Police cannot expect comfort everytime: Goa DGP on cops' road journey

Panaji,  Goa Director General of Police Indra Dev Shukla on Monday downplayed opposition parties' allegations of harassment of 400 Goa Police personnel, who are being ferried from Uttar Pradesh to Goa -- a journey of nearly 1,200 kms by bus -- for casting of votes through postal ballot.

Talking to reporters, he said that while the road journey across the vast distance from Uttar Pradesh's Jhansi to Goa was difficult, personnel serving in uniformed forces should take such hardships in their stride.

"I sympathise with them because to embark on such a journey by bus is difficult, but the life of a policeman is not so easy... In a year, if we have to undertake such (arduous) duty for one day, two days, ten days, our jawans are ready.

"I was posted (to Goa) from Mizoram. My officers (there) worked in the midst of bullets flying. We have also made no distinction between night and day. Sometimes we got food to eat, sometimes we did not. Sometimes, we stayed in a bunker. Police life is not so easy. Like civilians we cannot expect (comfort)," Shukla said.

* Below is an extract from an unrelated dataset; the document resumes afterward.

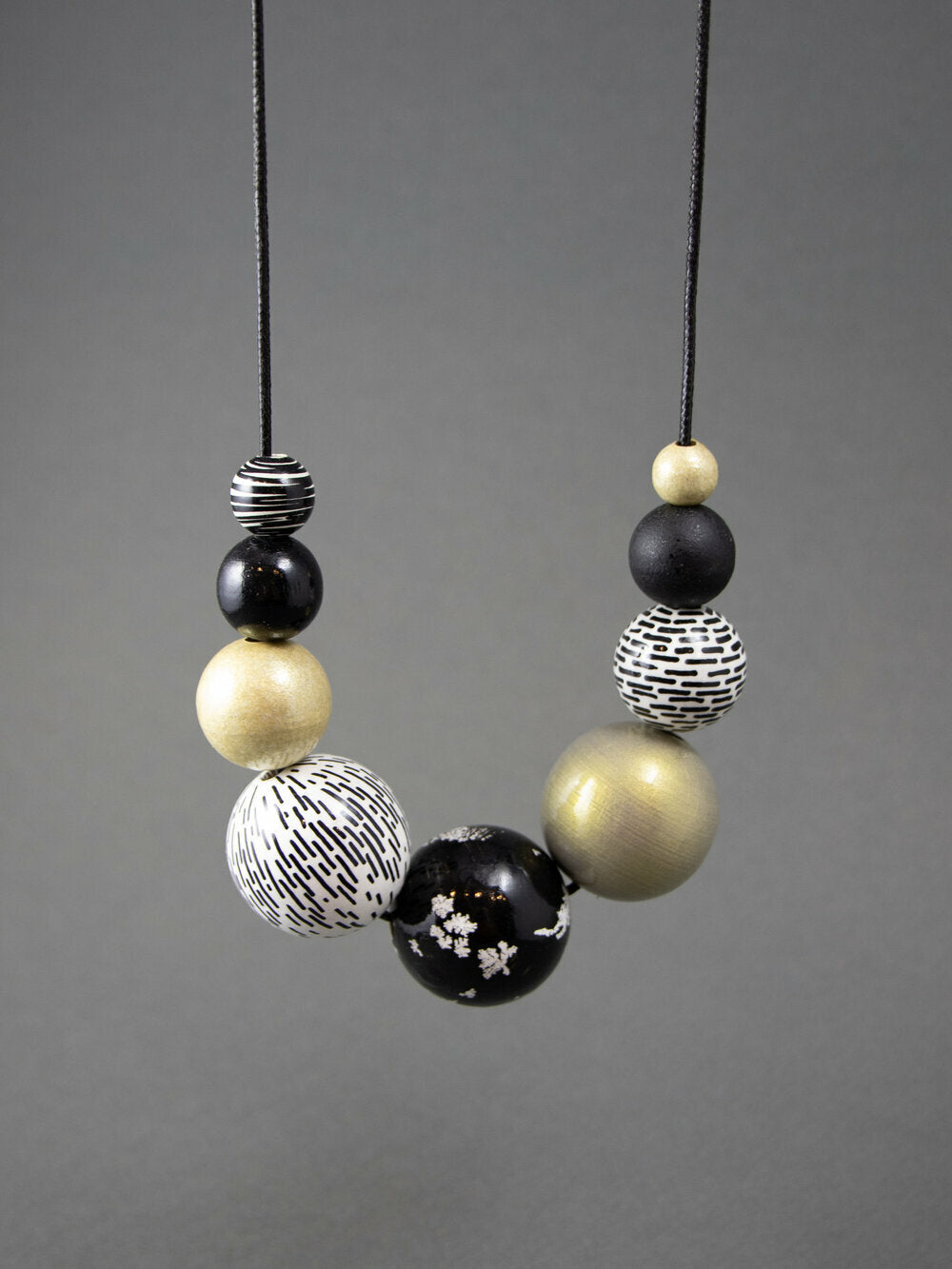 Antique Wooden Bead Necklace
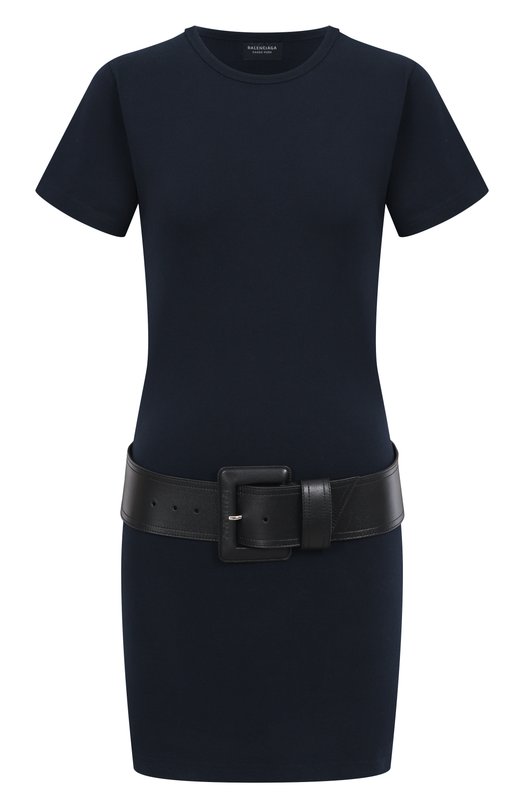 Хлопковое платье Balenciaga 829463/TNVB2 Чёрный 829463/TNVB2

Two opposition parties, the Congress and Goa Forward had accused the BJP-led administration of harassing the 400-odd India Reserve Battalion (IRB) police personnel posted in Uttar Pradesh, for poll purposes, and trying to get them to skip voting through postal ballot, through duress by making them take a road journey from UP to Goa by public transport buses.

Both parties had complained to the Election Commission and slammed the state government machinery for not getting them back to Goa via train.

Shukla also acknowledged that a train ride for his police personnel would have been less cumbersome, but added that arrangements for train travel could not be carried out in time.

"We should have made arrangements by train, but we did not get a train... The programme was so tight that other forms of travel arrangements could not be made," he said.

"I accept it is an ordeal, but the job of a policeman is not such where you can get a cushion every time. This is a 24x7 job... Until we do not do hard postings... Arunachal, Mizoram, Nagaland, in terrorist areas, we do not get promoted. Promotions amongst many of us have stalled because of this," he also said.

The deadline for casting votes through postal ballots ends on March 9, a day before counting of votes polled in the February 14 polls is undertaken.